Meds still being given to the wrong patients
Meds still being given to the wrong patients
Is your staff following the ‘8 rights’?
When you look at wrong-patient medication errors and compare current and past reports, one point is obvious: These events still are occurring, says Rodney W. Hicks, PhD, RN, FNP-BC, FAANP, FAAN, professor in the College of Graduate Nursing at Western University of Health Sciences, Pomona, CA.
Hicks spoke on the topic of medication safety at the recent Ambulatory Surgery Center Association (ASCA) annual meeting.
The Pennsylvania Patient Safety Authority recently released a report saying 813 wrong-patient medication errors were reported between July 1, 2011, and Dec. 31, 2011. Many errors were reported in transcribing (38.3%, n = 311) and administration (43.4%, n = 353). While the authority acknowledges that many factors contribute to medication errors, the most common factors were two patients being prescribed the same medication, improper verification of patient ID, and similar room numbers. The most common types of medications associated with wrong-patient events were anti-infectives, insulin, and anticoagulants.
The fewest errors were reported during dispensing (5.2%, n = 42) and prescribing (12.1%, n = 98).
Improvements in prescribing is one of the success stories, says Hicks, who was the lead author of a 2008 USP/MedMarx data report titled “A Chartbook of Medication Error Findings from the Perioperative Settings from 1998-2005.” In that 2008 report, 29.6% of errors were reported in prescribing, Hicks says. The improvement in those statistics might reflect the increased use of electronic prescribing, he says. However, when physicians have the ability to go into an electronic system and select a patient, there is always a danger, he says. “The biggest threat to that is what do you do when you have patients with multiple same names, like Smith? How do you make sure you get the right Smith?”

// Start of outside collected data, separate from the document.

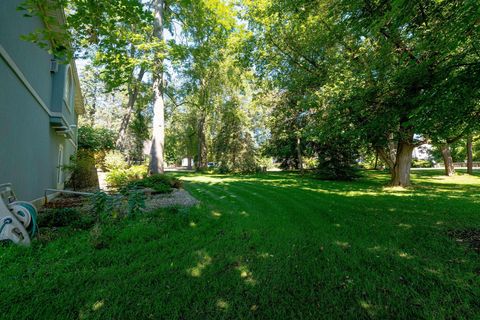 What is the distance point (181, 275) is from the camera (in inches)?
109

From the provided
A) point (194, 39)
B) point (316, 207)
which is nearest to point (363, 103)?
point (316, 207)

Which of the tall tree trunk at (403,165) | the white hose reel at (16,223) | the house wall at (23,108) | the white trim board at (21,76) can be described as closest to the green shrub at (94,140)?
the house wall at (23,108)

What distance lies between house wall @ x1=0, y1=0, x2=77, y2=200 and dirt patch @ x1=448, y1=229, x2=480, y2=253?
8.30 metres

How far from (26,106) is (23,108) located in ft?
0.88

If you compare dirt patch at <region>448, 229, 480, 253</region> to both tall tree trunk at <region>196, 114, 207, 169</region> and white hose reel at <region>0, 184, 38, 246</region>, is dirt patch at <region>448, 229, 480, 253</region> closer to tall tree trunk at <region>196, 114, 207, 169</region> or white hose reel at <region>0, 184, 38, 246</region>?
white hose reel at <region>0, 184, 38, 246</region>

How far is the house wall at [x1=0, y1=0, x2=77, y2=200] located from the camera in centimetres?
448

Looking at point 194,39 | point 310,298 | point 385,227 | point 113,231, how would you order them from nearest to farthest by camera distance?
point 310,298 < point 113,231 < point 385,227 < point 194,39

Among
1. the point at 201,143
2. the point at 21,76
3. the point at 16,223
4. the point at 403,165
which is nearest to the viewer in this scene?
the point at 16,223

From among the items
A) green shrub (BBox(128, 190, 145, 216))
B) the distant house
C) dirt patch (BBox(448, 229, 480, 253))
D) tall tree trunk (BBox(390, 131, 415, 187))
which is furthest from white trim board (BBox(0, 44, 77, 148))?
tall tree trunk (BBox(390, 131, 415, 187))

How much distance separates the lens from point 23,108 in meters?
5.48

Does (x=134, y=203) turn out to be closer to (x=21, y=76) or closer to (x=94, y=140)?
(x=21, y=76)

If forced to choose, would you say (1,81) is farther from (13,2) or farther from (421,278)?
(421,278)

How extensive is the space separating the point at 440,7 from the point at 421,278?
4.94m

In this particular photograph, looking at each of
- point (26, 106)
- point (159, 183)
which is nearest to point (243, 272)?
point (26, 106) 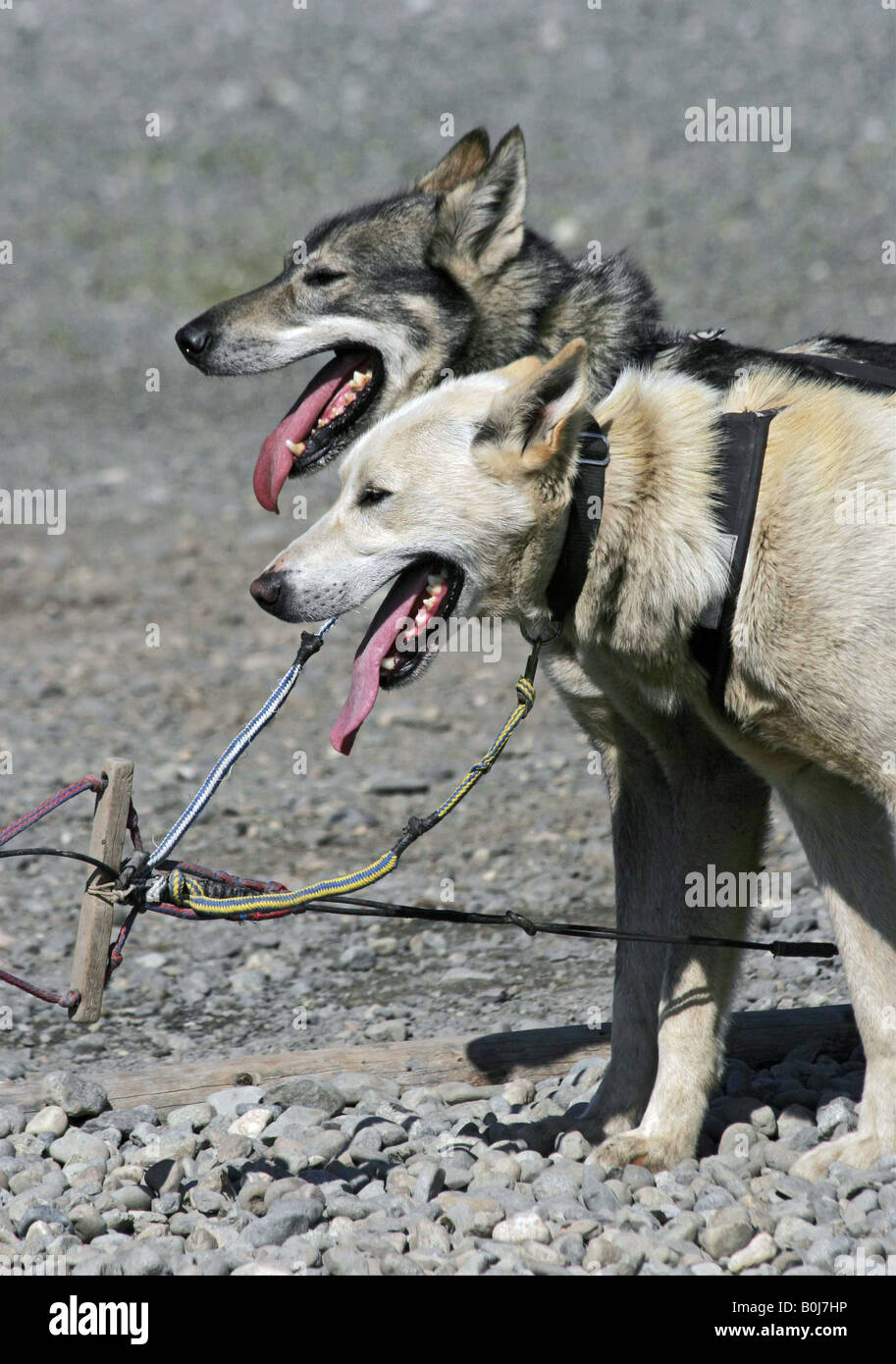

If the physician is not next to the patient or the physician is writing the orders remotely, that is a risk point, Hicks says. “When we rely on memory, as providers, we think we’re doing the right things, but humans are fallible and make mistakes from their memory,” he says.
Have a “name-alert” policy for how your facility handles patients with similar or the same name, Hicks advises. Also, expand the former nursing adage of the “5 Rights” before medication administration, which are right patient, right time, right drug, right dose, and right route. Now, nurses must follow the “8 Rights,” which includes the previous five, plus right indication, right documentation, and the right to refuse. Tips offered by the Pennsylvania authority are ensuring proper storage of medications and patient-specific documents, using healthcare technology fully, limiting verbal orders, and improving patient verification throughout the medication-use process.
Also, providers should ensure proper storage of medications and patient-specific documents, and they should empower the patient to prevent and detect medication errors, the authority says. Some additional tips offered by Hicks are to assess staff impact on medication errors. Minimize cross-coverage, and minimize floating staff, he advises. Additionally, look at distractions specific to your facility, Hicks suggests.
“In day surgery, you typically don’t have high volumes of patients, so being able to explain why the wrong person got the medication is baffling,” Hicks says.